- **Exercise objective**: From the listing that follows, output everything exactly except the pictures.

- **Available data**:
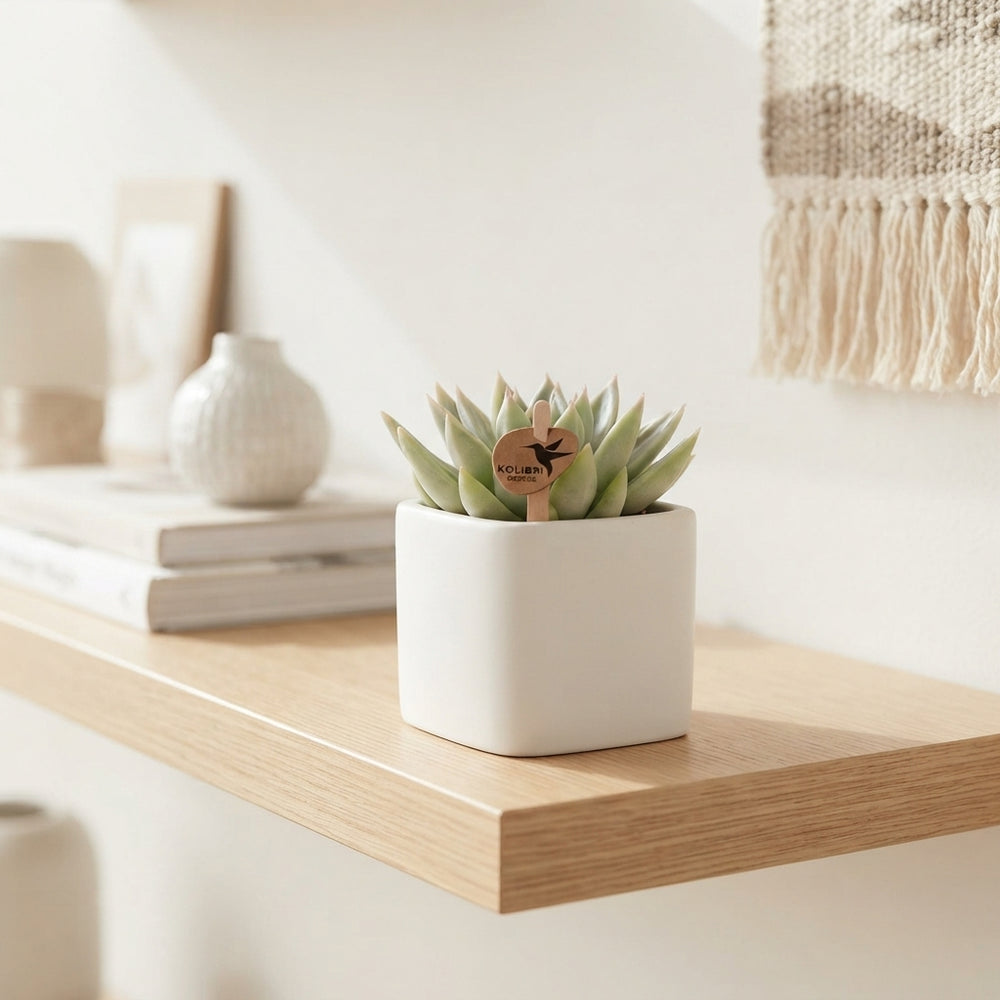 Mixed Succulent Collection – 9cm Ceramic Scandic White Pot
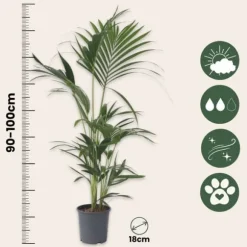 Kentiapalme - Howea forsteriana - Højde 90-100cm - ⌀18cm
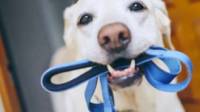 Dog Walking Services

- **Response area**:
 Mixed Succulent Collection – 9cm Ceramic Scandic White Pot
 Kentiapalme - Howea forsteriana - Højde 90-100cm - ⌀18cm
 Dog Walking Services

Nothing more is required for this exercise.